Si bien es verdad que todo lo que escribió García Márquez para sacarse el veneno de Aracataca, aka Macondo, fue un ensayo para encontrar el camino a Cien años de soledad, también es cierto que La hojarasca, La mala hora, El coronel no tiene quien le escriba y los cuentos cortos aquí reunidos ocupan el duro tiempo lineal de la realidad, habitada por hombres y mujeres como nosotros, cuyos destinos nos mueven a la compasión y al espanto, mientras que Cien años, libro seductor por excelencia, nos mueve más bien al asombro y el agradecimiento. En ese sentido, estos textos no son propiamente el camino a Macondo, sino un Macondo por derecho propio.
Decía García Márquez: «Yo nunca me olvido de quién soy; soy el hijo del telegrafista de Aracataca». Pero en realidad el viaje de regreso a Aracataca en su juventud lo llevó como agarrado de la nuca a contemplarse en un espejo de aguas más profundas. Ahí, el joven Gabriel se descubrió hijo de sus abuelos, un niño de ojos grandes y muy abiertos que creció sumergido en una historia de violencias, amarguras, pérdidas desgarradoras y realidades asfixiantes. Los relatos que salieron de ese viaje, y que aquí se reúnen para felicidad de nuevos y antiguos lectores, son sobrios, urgentes, no míticos sino trágicos, llevados por el impulso febril de exorcizar, revelándolo, un pasado real que todavía duele. Son magníficos.
García Márquez sostuvo en diversas oportunidades que para escribir cada libro primero había que aprender a escribirlo, y solo entonces enfrentarse a la máquina de escribir. A él le tomó casi veinte años «vivir» en Macondo para aprender a escribir su novela Cien años de soledad.
Esta antología, realizada con el ánimo de rastrear el derrotero del escritor, le permitirá al curioso lector encontrar algunos momentos de ese trajinar. Al igual que un colono, debió desbrozar un camino, apropiarse de un espacio y perfilar, al menos, algunos rasgos de los personajes que lo habitarían. Por eso esta antología de textos completos —pero de dimensiones muy diversas— lleva por título Camino a Macondo.
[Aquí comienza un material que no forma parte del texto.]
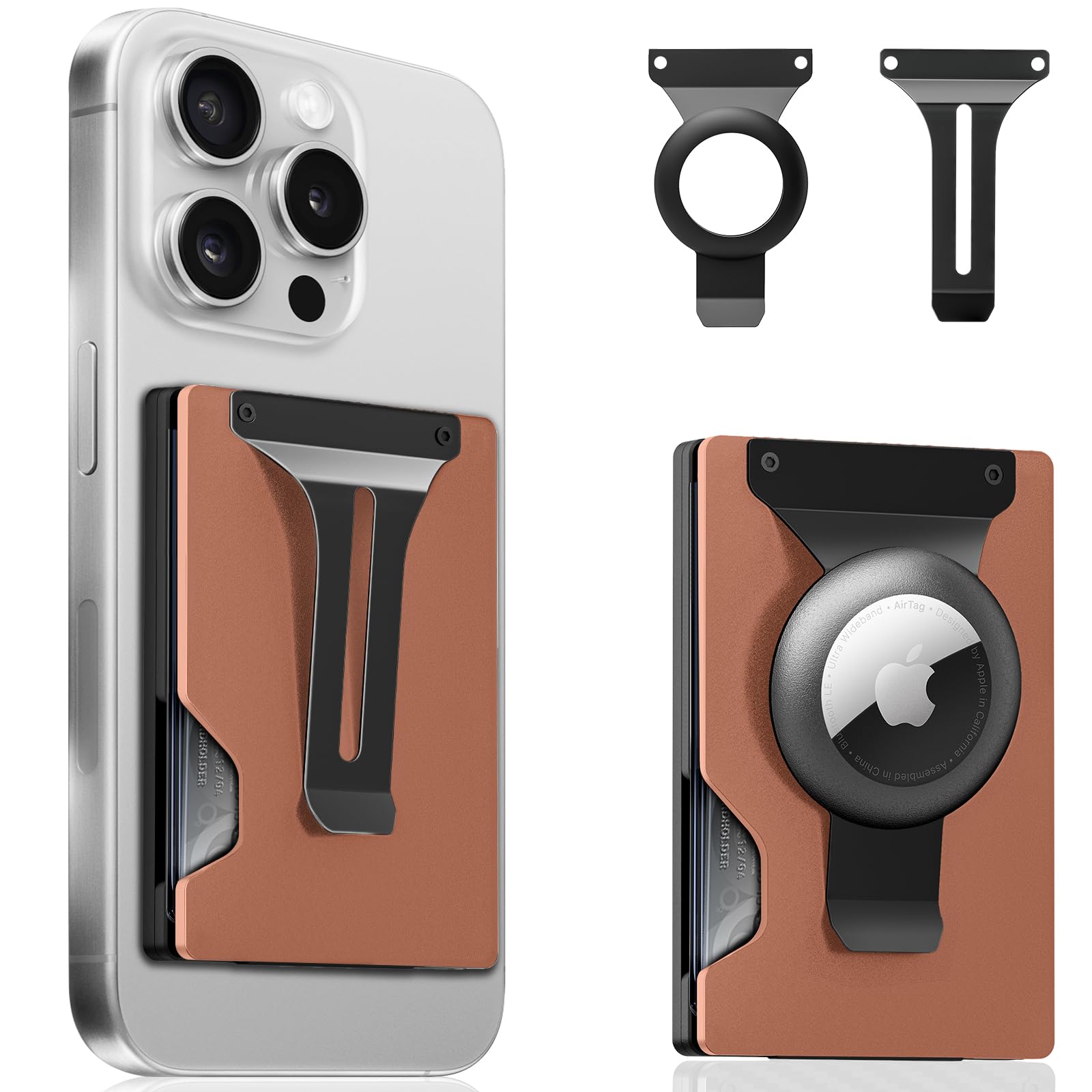 Magnetic Phone Wallet with Apple MagSafe - Metal Card Holder with AirTag Holder, RFID Blocking & Money Clip Mag Safe Wallet for iPhone 16 15 14 13 12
García Márquez se inició en la literatura y el periodismo casi al mismo tiempo. Su primer cuento, «La tercera resignación», se publicó en septiembre de 1947; sus inicios como periodista fueron ocho meses más tarde en Cartagena. Para 1950 ya era un columnista de planta del diario El Heraldo de Barranquilla. Su columna, «La Jirafa», iba firmada con el seudónimo de Septimus.
También por esos días se había embarcado con sus amigos en la publicación de una revista, Crónica, un semanario deportivo-literario de vida efímera. En el número 6 (3 de junio de 1950) aparece un texto firmado por García Márquez bajo el título «La casa de los Buendía» y lleva de subtítulo una clara advertencia: «Apuntes para una novela». Ahí están los primeros trazos públicos de lo que él alcanza a columbrar y rumia su cabeza. Y en ese mismo mes, apenas diez días después, en la columna de El Heraldo, el texto titulado «La hija del coronel», en donde se repite la aclaración «Apuntes para una novela» y no firma Septimus, sino Gabriel García Márquez. Esta «puesta en escena», por llamarla de alguna manera, se repetirá ese mismo año en dos ocasiones, «El hijo del coronel» y «El regreso de Meme», el 23 de junio y el 22 de noviembre, respectivamente.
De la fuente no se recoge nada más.